The secrets to shrimp cookery success mainly have to do with avoiding potential frustration. Firstly, do yourself a big favor and buy shrimp that has already been peeled and deveined. If your grocer's fish counter does not sell shrimp this way, kindly ask the fishmonger to do this for you (even better, call ahead of your trip to the store). As someone who has gone the DIY route here many times and many times vowed to never cook shrimp again, I can tell you with confidence that it is a messy, unappetizing, and tedious task, especially if you don't possess the right tool. Secondly, buy yourself a set of skewers — I prefer metal as they don't need to be soaked first and are reusable, but wooden and bamboo work well in a pinch. It is not fun flipping each and every shrimp individually, and in the time it takes to do so, some will likely become overcooked, as shrimp cooks so rapidly. If you heed these two pieces of advice, it is smooth sailing and one of the easiest seafood dinners you can make.
If you're a purist or if you intend to pair the grilled shrimp with other bold flavors, all they really need to taste great is a bit of oil (to prevent the delicate meat from sticking to the grill and to boost flavor) and salt. For times when you want to go the extra mile, toss the cooked shrimp in the gremolata-like sauce I've outlined in this recipe. Bold and garlicky, this Italian trio of parsley, garlic, and lemon is a great way to dress up everything from chicken breasts to salmon to — you guessed it — shrimp.
For smaller or larger shrimp than 16/20, adjust the cook time accordingly — visual cues like the shrimp turning opaque and pink will help determine doneness. If using wooden or bamboo skewers, soak them in water for 30 minutes prior to grilling to avoid burning the wood. New to grilling?
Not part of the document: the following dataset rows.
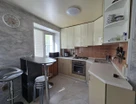 2-к. квартира, 40,9&nbsp;м²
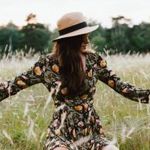 Aleksandra - Livemaster - handmade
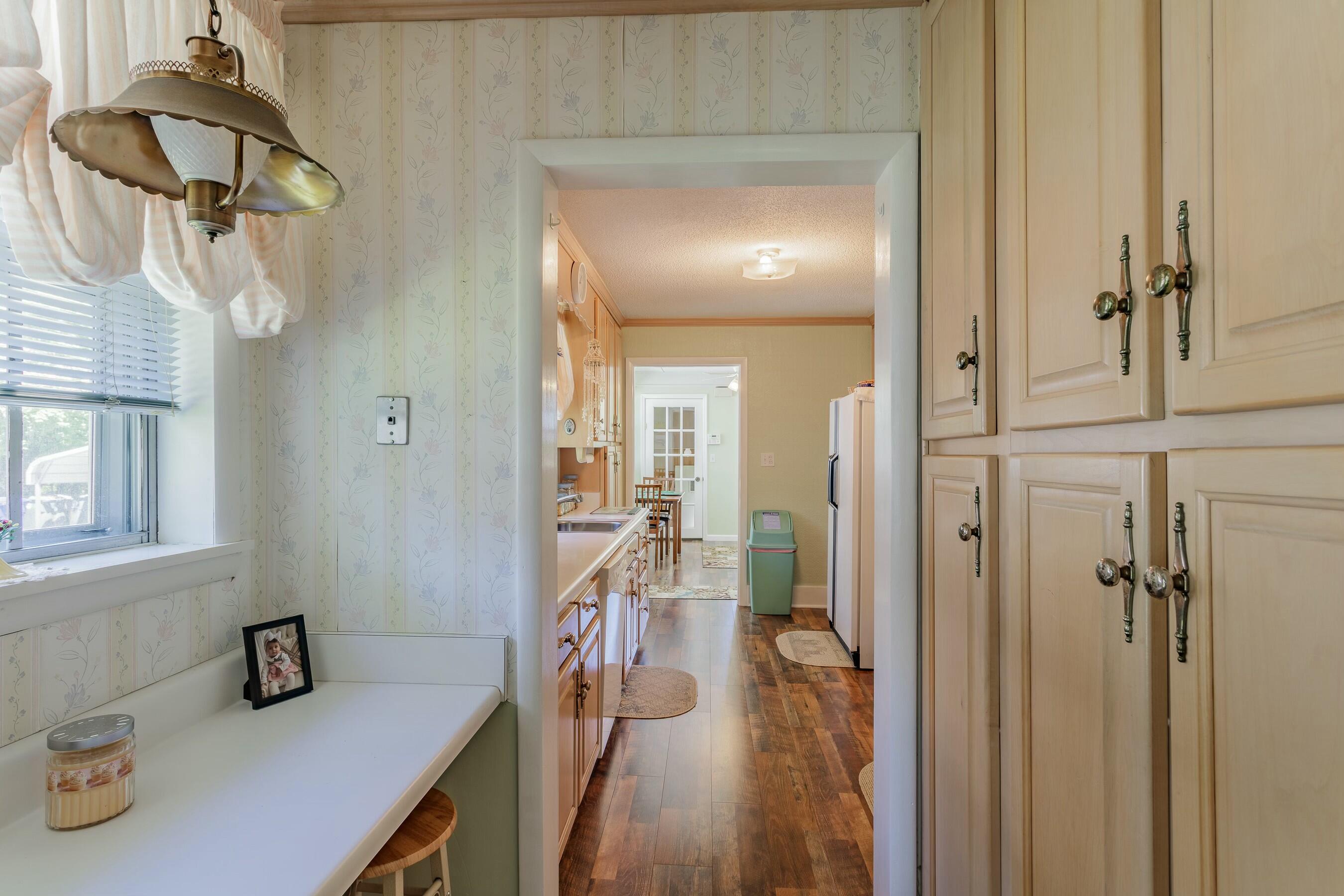 3369 Idlewild Drive, Chattanooga, Tennessee image 32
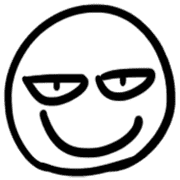 012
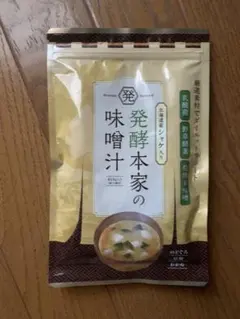 Item thumbnail for item 7955c17b-b38a-41d4-8702-5029122509ce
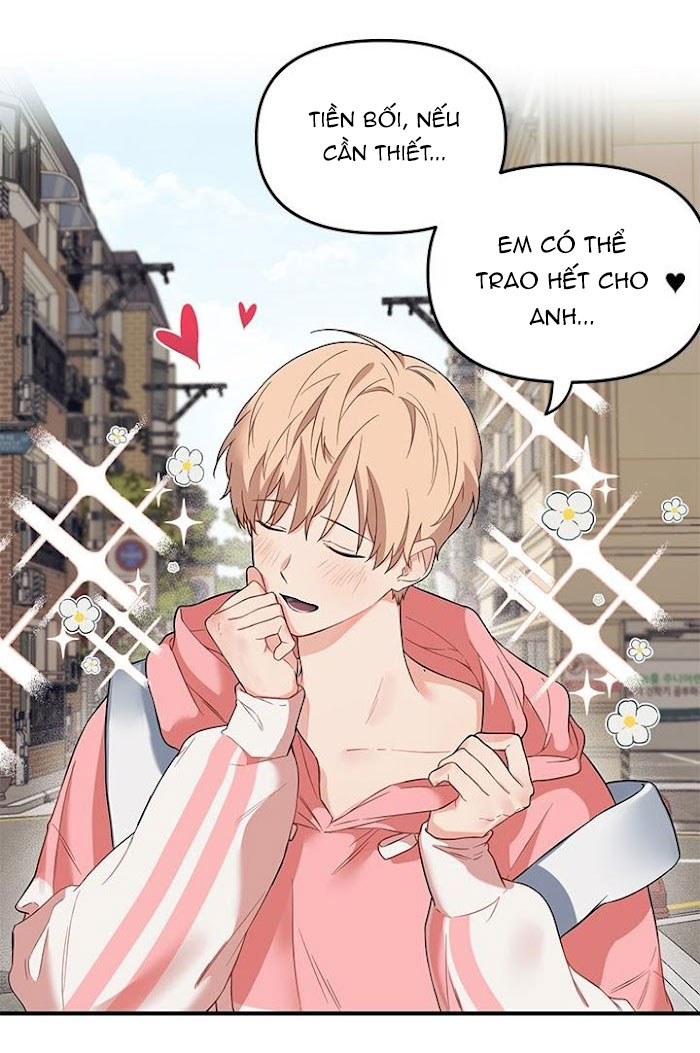 blood and love chapter 19 26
Read this guide to lighting your grill first. If you're working with shell-on shrimp, peel and devein them before seasoning and roasting. (To save time, buy shrimp that's already peeled and deveined, or ask the fishmonger to do this for you.)
- 1/2 cup Italian parsley, finely chopped
1 small (or 1/2 large) garlic clove, minced
Zest of 1 lemon, plus juice of half
1 teaspoon extra-virgin olive oil
1 pound large (16/20) shrimp, shelled and deveined
2 tablespoons neutral oil, such as rice bran or canola
- Mix together the parsley, garlic, lemon zest, juice, olive oil, and a pinch of salt in a large mixing bowl.
- If using a gas grill, turn both burners on to high heat and close the lid to heat the grill. If using a charcoal grill, get the coals going nice and hot.
- Add shrimp, neutral oil, and 1 teaspoon salt to a medium mixing bowl; toss gently to coat evenly.
- Thread the shrimp onto stainless steel or wooden skewers.
- Clean and lightly oil the grill grates.
- Grill the skewers over a hot fire, turning once or twice (use tongs or a large grilling spatula) until the shrimp are opaque, lightly pink, and cooked through, about 5 minutes.
- Pull the shrimp off the skewers, add them to the large mixing bowl with the parsley-lemon-garlic mixture, and toss to coat. Serve hot.